This blogpost demonstrats how to use QuPath and Python to de-array a tissue microarray (TMA) for computational analysis and was co-authored by Fan Fan (email@example.com)
A Tissue microarray (TMA) is essentially a single slide containing small circular pieces of tissue taken from potentially thousands of different cases (or multiple samples from the same cases). TMAs enable high throughput concurrent analysis of multiple specimens, while reducing overall reactive agent costs, space, and manipulation time. After the first TMAs were introduced in 1986, they have now evolved into becoming a mainstay in the field of pathology.
From a computational perspective, TMAs are useful because they require less scanning time and overall data storage. If important regions are carefully curated to create the TMA, one can have an excellent view of various disease processes without having to download and compute upon hundreds of individual slides.
That said, digital TMAs are still a form of whole slide image, and thus suffer from similar limitations, in terms of requiring special libraries (e.g., openslide) to accesses subsets of the slide which can fix into memory.
A common way of processing TMAs is to first “de-array” them, in which a TMA is split into its constituent “spots” or “disks” and saved as separate image files, usually in a more easily manipulated flat file format (e.g., tif, png).
This de-array process is often non-trivial, as the intended grid that the spots fall on may not be entirely straight, or some spots may be missing or damaged and thus difficult to detect. It remains critical to match the spot to its expected location, so that it can be successfully matched with the associated master clinical spreadsheet (e.g., spot at location A-15 is of a responding cancer patient, while spot at A-14 is of a non-responding patient).
Thankfully, to aid in this process, QuPath provides a very intuitive user interface which allows for the automatic detection and manual refinement of TMA spot location. This blog post discusses the usage of this tool to produce the x,y coordinates of the respective spots, and a subsequent python script which can be used to either directly compute upon these spots or extract and save the images for external use.
We begin with this TMA image:
We first open this svs image in Qupath, and then use the TMA de-array tool to extract each micro spot.
After inputting appropriate parameters (expected number of columns and rows along with the measured TMA core diameter), we can see the initial overlaid grid where some adjustments can be made. For example, here we can see a TMA spot which is absent and we can right click on it and note it as “missing”.
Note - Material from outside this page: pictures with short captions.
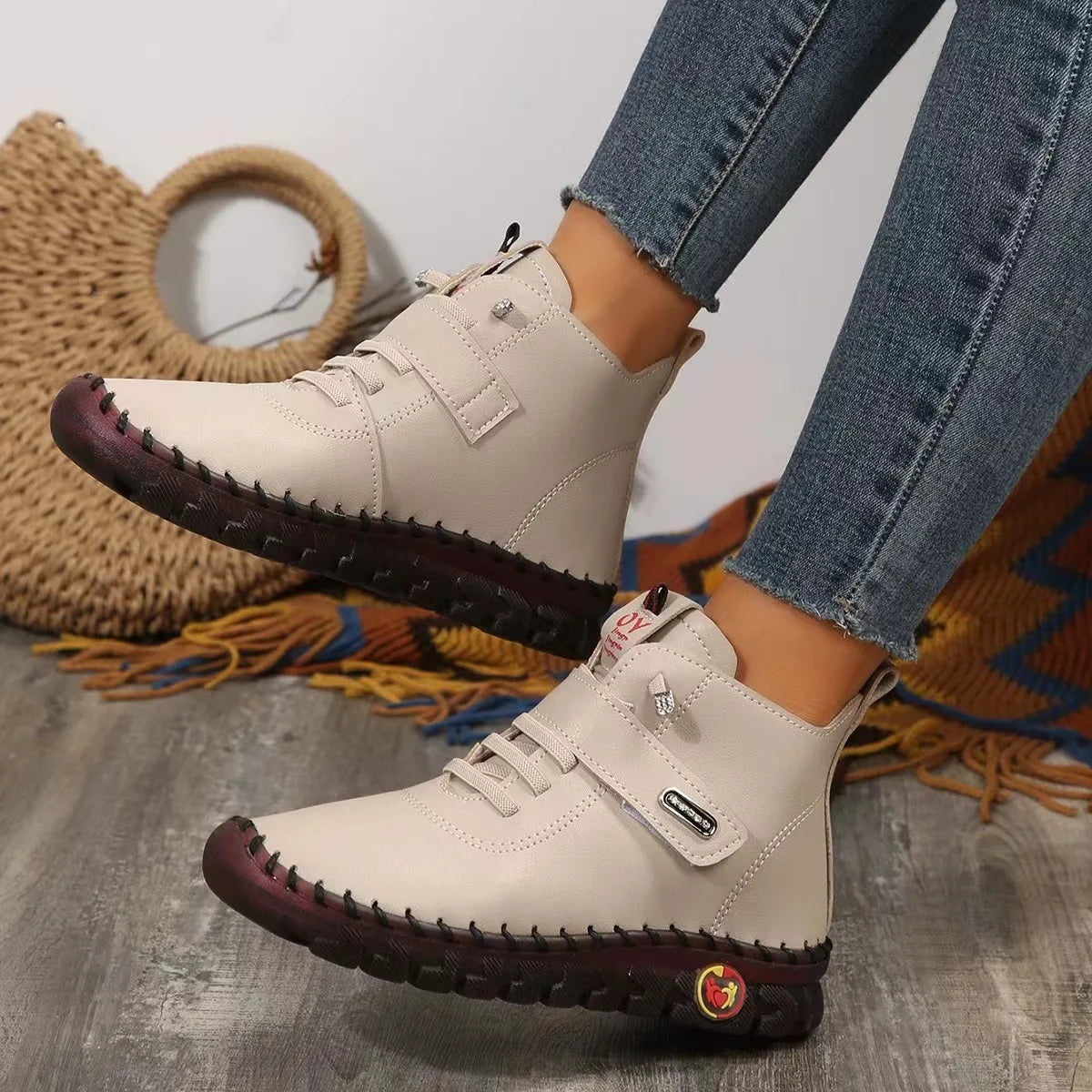 Winter Orthopedic Boots For Women Autumn Fall Leather Shoes With Fur Red Moccasins Woman Ankle Boots Mom Plush Sneakers Shoe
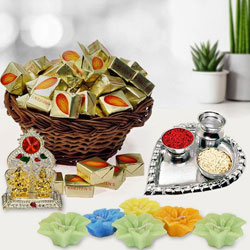 Wonderful Pooja Gift Hamper with Almond Toffees to Diwali-gifts-to-world-wide.asp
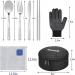 Stainless Steel Camping Mess Kit - 28 Pcs Dinnerware Set for 4 - Plates, Bowls, Cutlery, Gloves & Rag - Ideal for Hiking, Picnics - Black - Buy Online on GoSupps.com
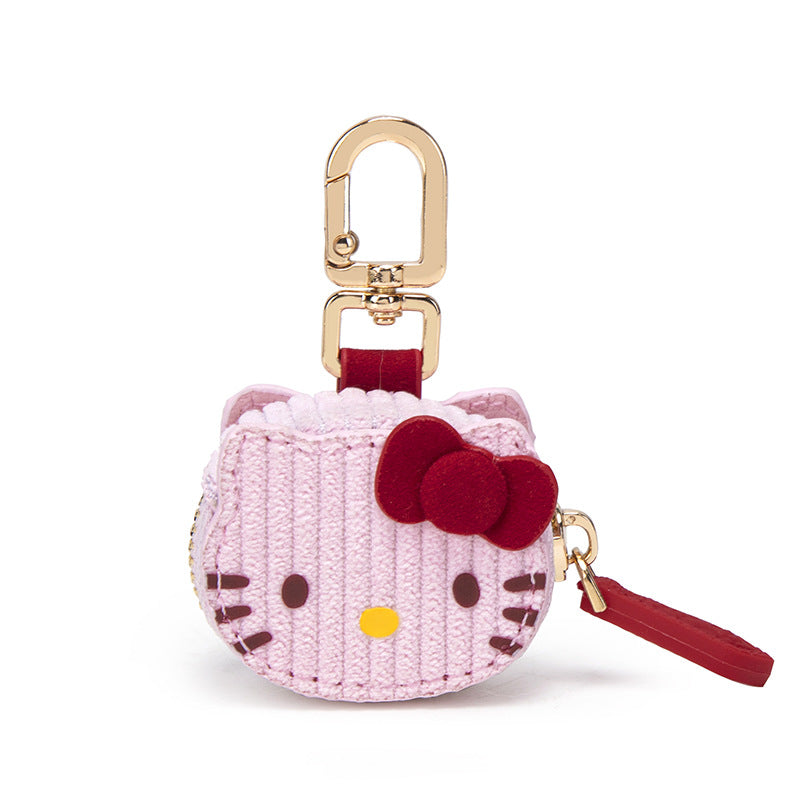 Wholesale Corduroy cartoon kitten bag keychain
After making the necessary adjustments, we click ‘Measure’ -> ‘show TMA measurements’-> ‘Save’ to save the .txt file.
The txt file contains following information:
- The original image name (e.g., 98263.svs).
- The TMA spot name (e.g., A-1, where A means row, and 1 represents the column).
- Whether the spot is missing (e.g., True or False).
- The coordinate of each spot’s center coordinates (e.g., 1518.8 / 1618.4). Note these are in microns
Now, we have all the information we need to extract each spot using python, with the code available here.
- Import all the packages we need.
2. Set necessary arguments including the prefix name of the WSI file, the txt file and the spot size (in pixels), in this case, we set the spot size 6000 x 6000. The target output directory is where we store all the TMA spots.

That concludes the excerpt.